The Navy has made significant use of this computer management. In one study, documented savings--through the reduction of training time and attendant personnel costs--possibly exceeded $10 million in one year. In addition, the number of instructors needed to teach this course was reduced by 20 percent. Student performance rates were slightly better than under the old system. Both student and instructor attitudes were positive toward computer-managed instruction.

As a result of these studies, the Navy has bought the computer hardware and software to implement an expanded program. Currently 2000 students per week are employing the system. Within the next five years it is estimated that 15,000 students will utilize the system weekly. In order to provide the curriculum materials for this level of effort, the Department of the Navy is allocating between 2 and 3 million dollars for the next three years to replace group-paced materials with self-paced instruments utilizing advanced instructional technology.

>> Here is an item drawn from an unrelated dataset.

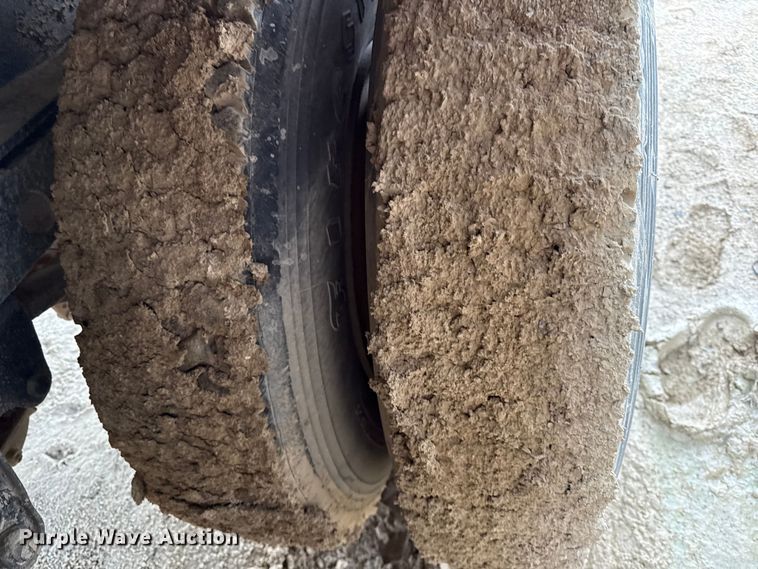 image for item EV7660 1974 Transcraft refuse trailer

The whole field of simulation, including synthetic flight training systems, has received unprecedented interest. Recent advances in high-fidelity simulation and 360-degree visual systems promise greatly to transform flight training as well as the specialized training associated with all high energy-consumption equipment.

The reasons for such an increasing role are obvious. It has been variously estimated that, while the cost of a simulator could be ten times that of an aircraft, it is possible that the annual training hours generated by a simulator could exceed those of an aircraft by ten to one. Other studies project a potential reduction of up to 50 percent of present flying time in undergraduate flight training through increased use of flight simulation. It is further estimated by some that up to 25 percent of all flying might be replaced. by simulation.

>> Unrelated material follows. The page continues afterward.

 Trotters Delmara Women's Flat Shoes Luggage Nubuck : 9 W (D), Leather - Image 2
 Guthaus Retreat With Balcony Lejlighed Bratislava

There remain as many questions as answers in the field of mechanical and flight simulation in such areas as the proper mix of actual versus simulator training, certain interactive effects with other sensory modalities, and a variety of similar complex relationships. As the answers to these vexing questions emerge, simulation will play an increasingly key and central role in the instructional equation.

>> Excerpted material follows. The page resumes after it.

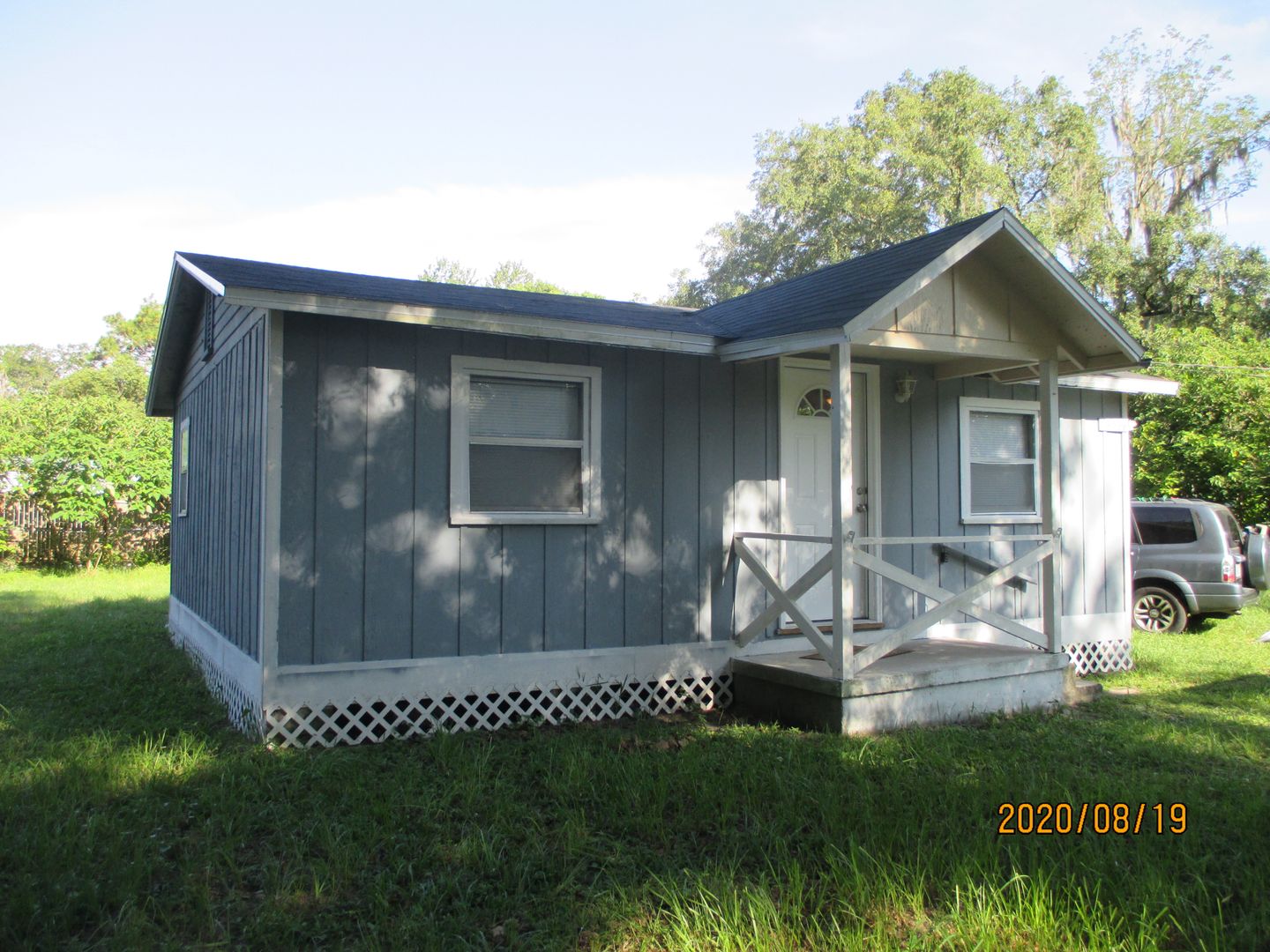 Jacksonville House: 13566 Lyle Road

Recognizing the continued sophistication of communications electronics systems on Army posts and the piecemeal, sometimes incompatible, nature of the various systems, the United States Army joined with MITRE Corporation in examining the concept of a wired garrison. The present complex of separately designed, procured, installed, operated, and maintained systems tends toward increased cost and decreased efficiency. In the light of recent technological advances in the field of communications and computers, it was postulated that interrelation of existing systems could result in an integrated multimode information transfer system with greatly increased capacity as well as efficiency, perhaps at lower cost.

Implicit in the planning for this undertaking were the vast needs in the field of training and education within the Army. The Department of the Army has clearly stated realistic educational and training goals for each member, which are spelled out in a master plan. The Army Educational Services Plan is soundly based on the principles that each Army member should be permitted the opportunity to develop his maximum career potential, that the process of learning is continuous and lifelong, and that educational opportunities both attract highly qualified, highly motivated people and retain them for a more productive average period of service. This, coupled with the technical training requirements engendered by continued and accelerating knowledge obsolescence, creates a prevailing requirement for educational and training delivery systems.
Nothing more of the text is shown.